By: Alexis Burr, Bicentennial Intern, Class of 2017, Community Health, Bloomington
In 1923 Herman B Wells (a student at the time) was photographed curiously peering over the shoulder of a painter by the name of Theodore Clement Steele. Theodore or T.C. Steele was a usual sighting on the Bloomington campus from 1923 to 1926 and could be found just about anywhere outside capturing the beauty of Indiana University with the strokes of his paintbrush.
Because Steele is considered to be a treasure for both the state and IU, “T.C. Steele’s Bloomington” was celebrated in partnership with The Friends of T.C. Steele Historic Site for the Indiana Bicentennial and the Indiana University Bicentennial this month.
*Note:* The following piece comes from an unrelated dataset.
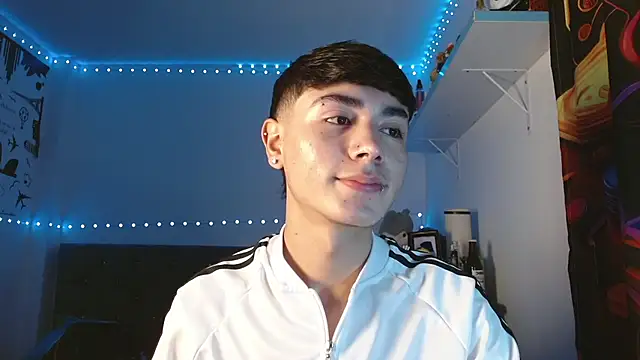 Snapshot of Im_juanda chatting on 12-10-24, 07:11 Im juanda online show from 12-10-24, 07:11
The celebration was kicked off on October 7th2016 with a talk by Nanette Brewer at the IU Eskenazi Museum of Art who spoke about Steele’s time as a student at the Academy of Fine Arts in Munich, Germany and highlighted his famous painting The Boatman.
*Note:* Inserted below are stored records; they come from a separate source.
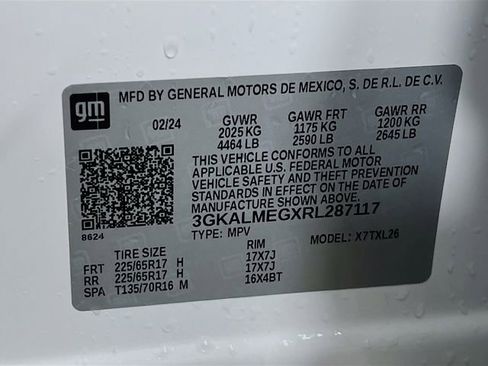 Used 2024 GMC Terrain SLE image 26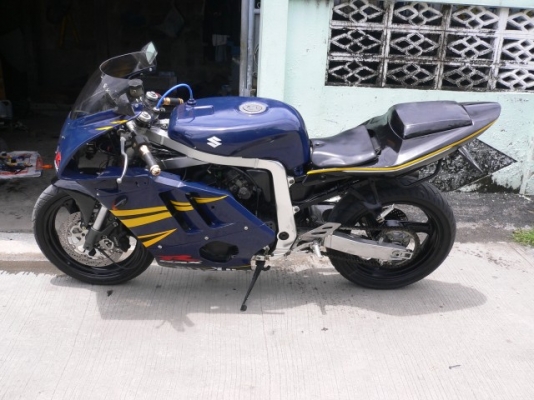 ขาย Gsxr400 (R7) ทะเบียนแท้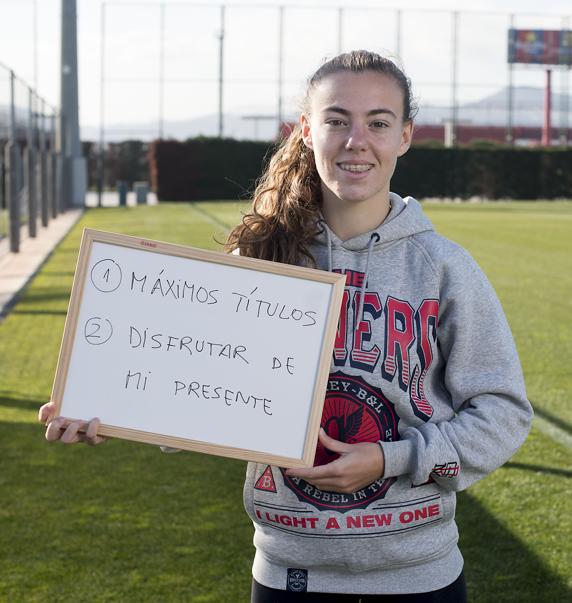 Reportaje con las jugadoras del FC Barcelona femenino de futbol cuando se proclamaron campeonas con la selección española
The talk was followed by two plein air painting demonstrations in Dunn Meadow by Indiana artists Lyle Denney and Jerry Smith and a keynote address by Rachel Berenson Perry who released a book in 2012 about Steele titled Paint and Canvas: A Life of T.C. Steele.
On October 8th2016, contemporary Indiana artists had the opportunity to come and experience Bloomington as T.C. Steele would have by participating in an “art out,” which includes setting up shop with their art supplies on campus and around the city to capture the landscape in their art.
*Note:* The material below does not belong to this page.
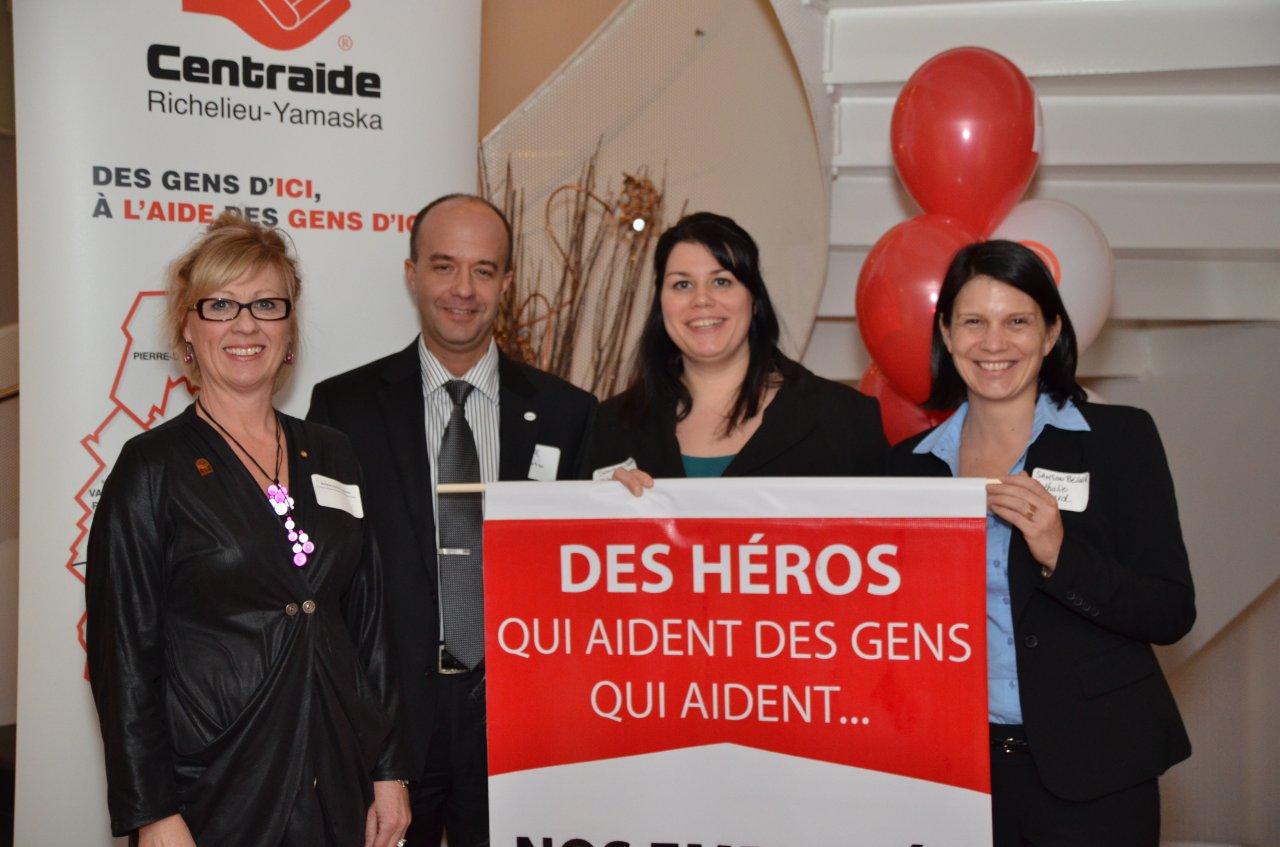 La 4e Soirée reconnaissance de Centraide Richelieu-Yamaska, qui a eu lieu le 21 février au Centre des arts Juliette-Lassonde de Saint-Hyacinthe, a permis la remise de deux banderoles « Des Héros », soulignant l’engagement et la participation exceptionnelle de dirigeants, d’équipes de sollicitation et d’employés dans la cause Centraide.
The day started at about 7am with artist check-in where artists trekked across campus and Bloomington to set up their materials in spots they deemed inspirational enough to paint. The day ended at 4pm with a reception where artists were able to showcase their day’s work.
All in all, the events were a success both from my perspective and of those who participated. It was really awesome to see artists and Indiana residents that appreciated T.C. Steele and still see that is it important to celebrate his legacy. Those who had not planned to come to the events were very interested in the plein air painting demonstrations. It was almost as if they’d gotten a glimpse into what it would’ve been like when T.C. Steele was on campus.
As mentioned, if Steele was not found atop of Franklin Hall in his spacious studio surrounded by inquisitive students, he could be found outside. As a bicentennial intern, I spent a considerable amount of time reading through information about T.C. Steele in the IU Archives, and in books and this research helped me to put into perspective how important he was to campus at the time.
To conclude, my experience as a bicentennial intern has not only been pleasurable but almost transformative in a sense. Although I had always been interested in history, the opportunity to do research on the topic of my choice helped me on my journey to figuring out what I may want to do after graduating from IU.
The opportunity to explore the history of a university that has contributed to my growth as a person was one that I am thankful to have been offered and helped me to see the institution in a new light.